*RECORDED INFORMATION*:
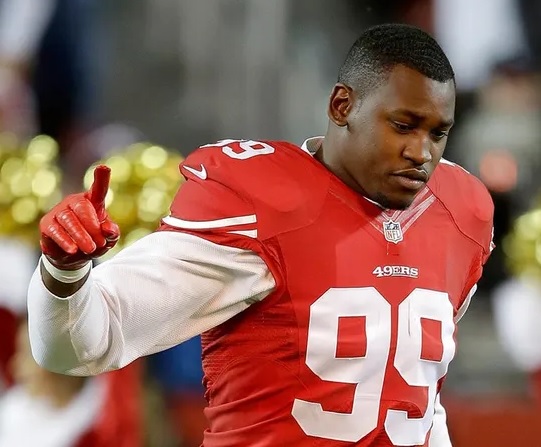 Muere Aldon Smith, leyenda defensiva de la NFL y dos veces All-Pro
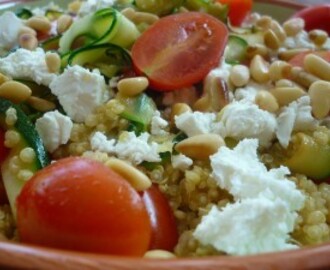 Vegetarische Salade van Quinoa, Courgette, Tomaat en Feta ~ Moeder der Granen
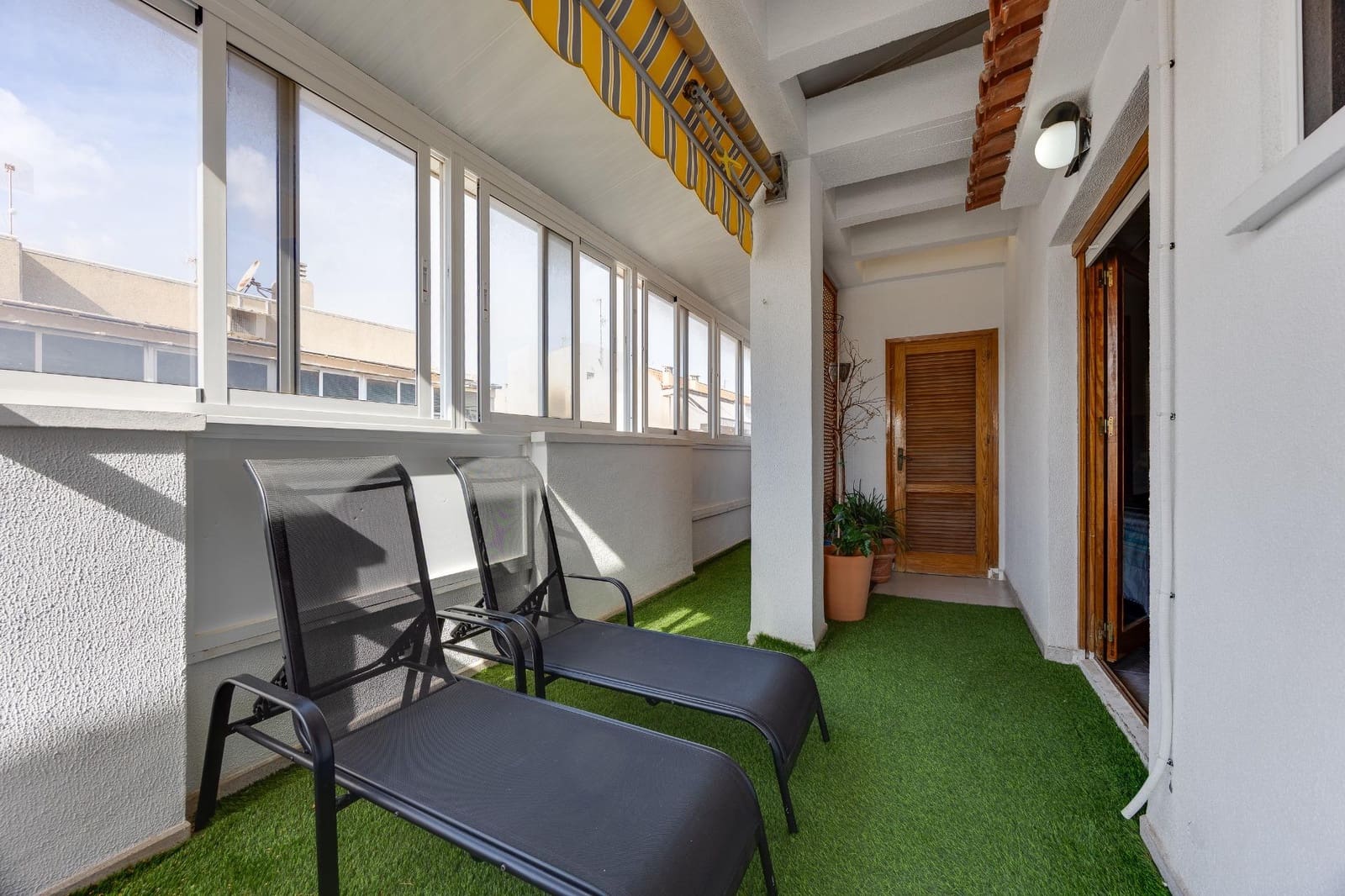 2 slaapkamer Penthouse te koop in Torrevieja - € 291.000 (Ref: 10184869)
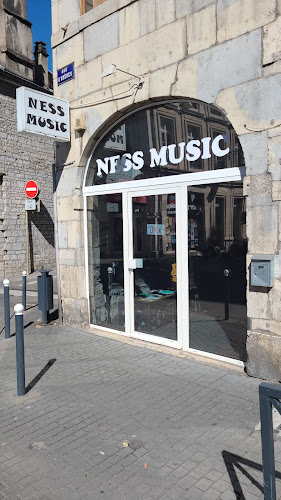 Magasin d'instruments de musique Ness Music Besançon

*WHAT TO PRODUCE*: The whole listing is to be written out exactly; the pictures stay out of the copy.

*ANSWER BOX*:
 Muere Aldon Smith, leyenda defensiva de la NFL y dos veces All-Pro
 Vegetarische Salade van Quinoa, Courgette, Tomaat en Feta ~ Moeder der Granen
 2 slaapkamer Penthouse te koop in Torrevieja - € 291.000 (Ref: 10184869)
 Magasin d'instruments de musique Ness Music Besançon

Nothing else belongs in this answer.